Stored data:
——————

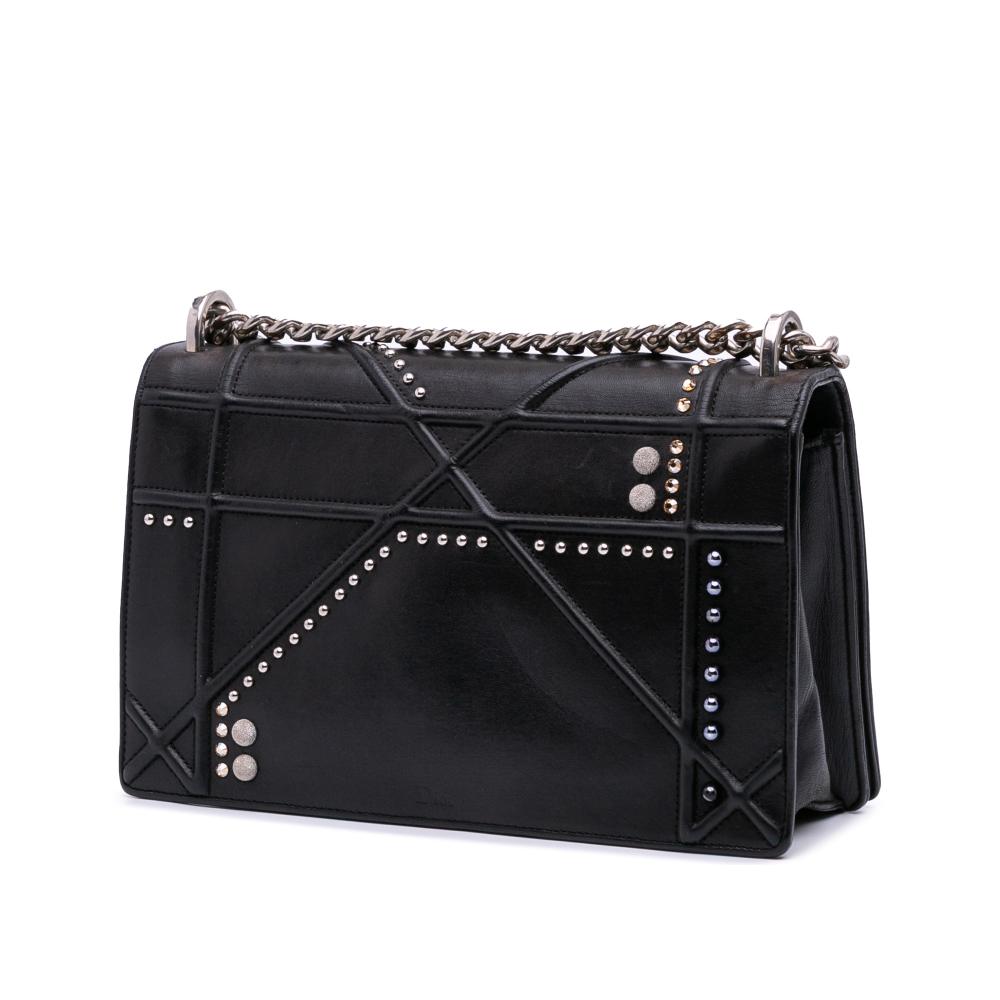Christian Dior B Dior Black Lambskin Leather Leather Medium Studded Lambskin Diorama Flap Italy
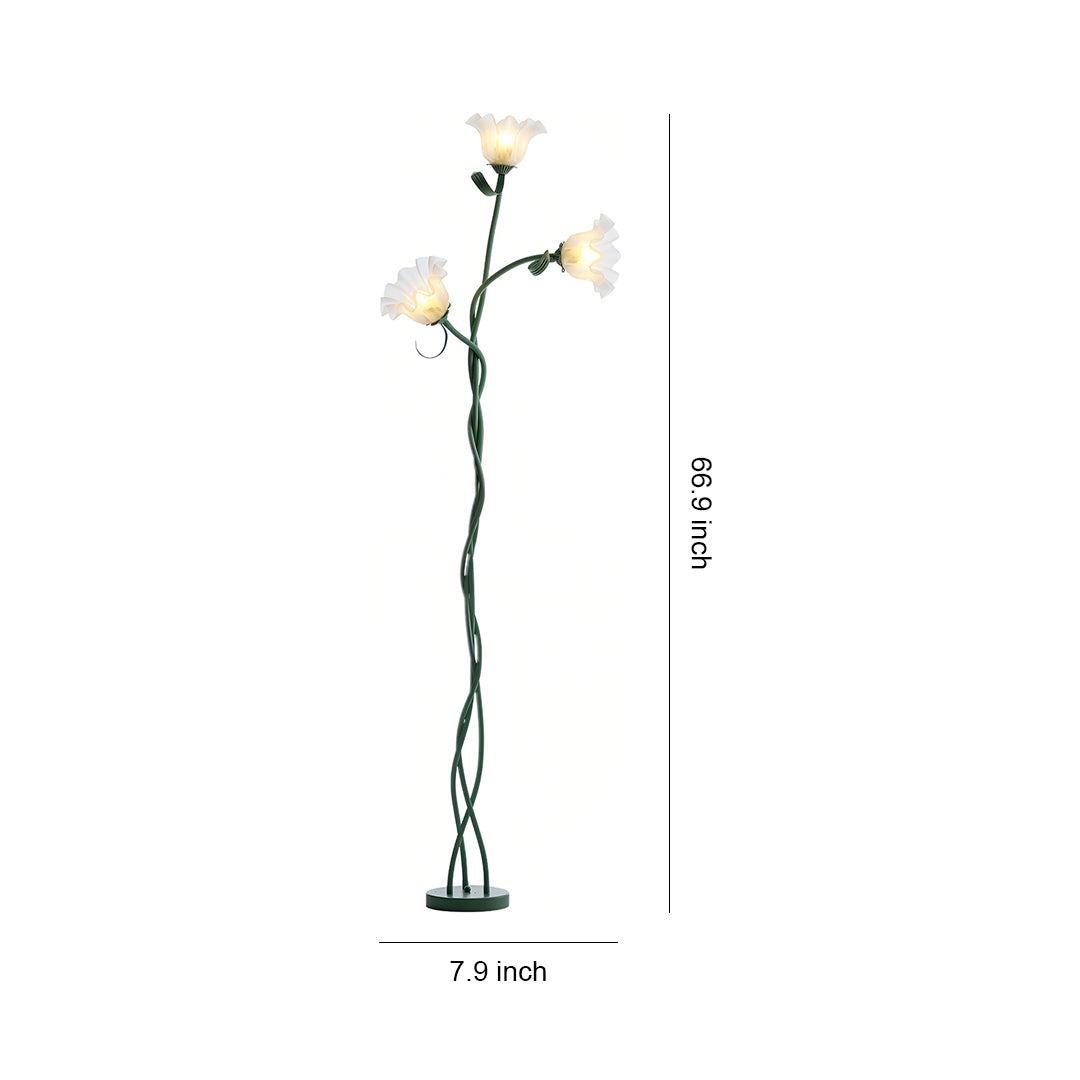 Floral Floor Lamp Three Head Glass LED French Country Elegant Home Lighting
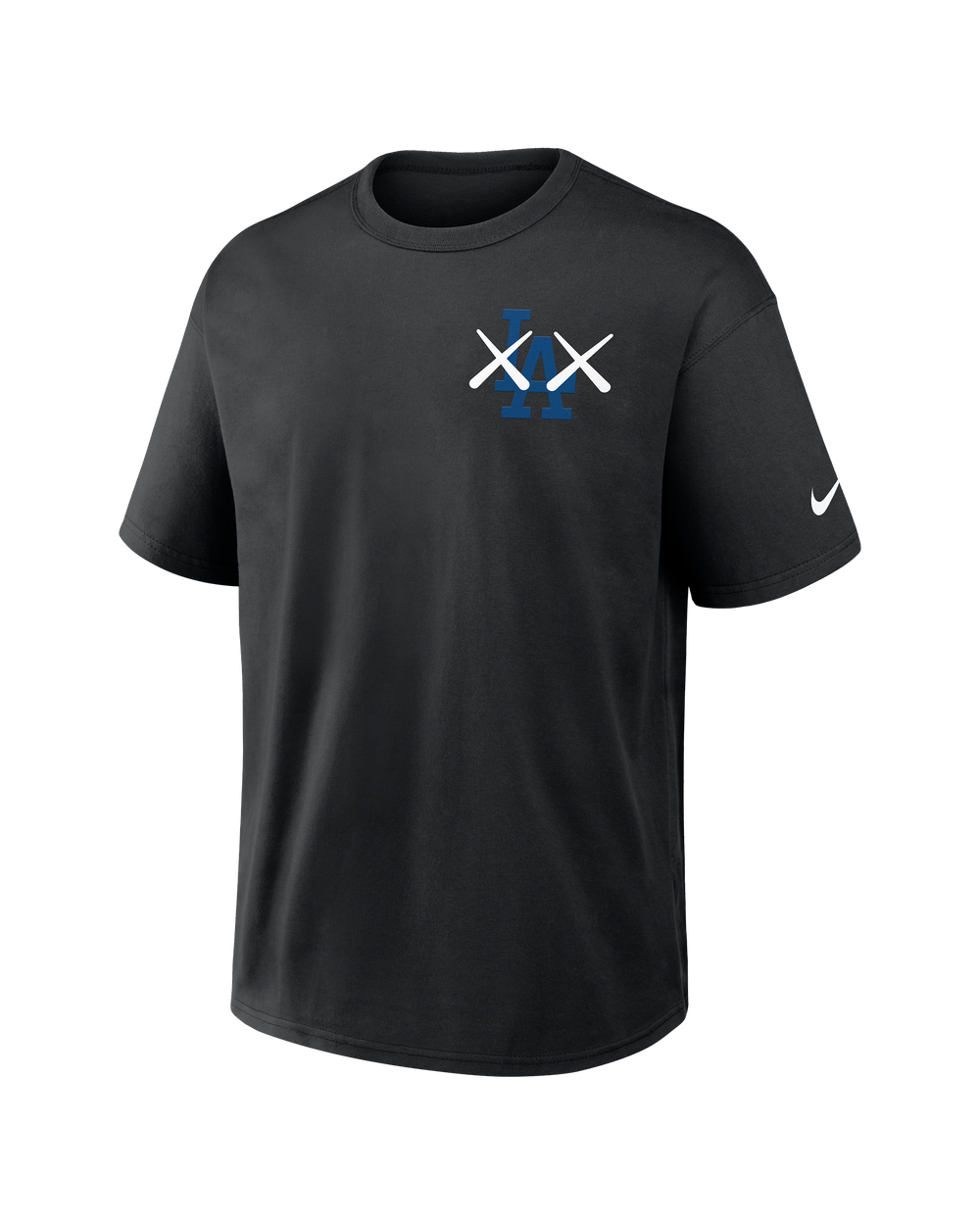 Black KAWS X Nike Los Angeles Dodgers MLB Elevated Max 90 Tee for men, featuring graphic artwork and casual athletic style.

——————

Your instructions:
Return the data above in its exact wording, with none of the pictures.

Exercise output:
Christian Dior B Dior Black Lambskin Leather Leather Medium Studded Lambskin Diorama Flap Italy
 Floral Floor Lamp Three Head Glass LED French Country Elegant Home Lighting
 Black KAWS X Nike Los Angeles Dodgers MLB Elevated Max 90 Tee for men, featuring graphic artwork and casual athletic style.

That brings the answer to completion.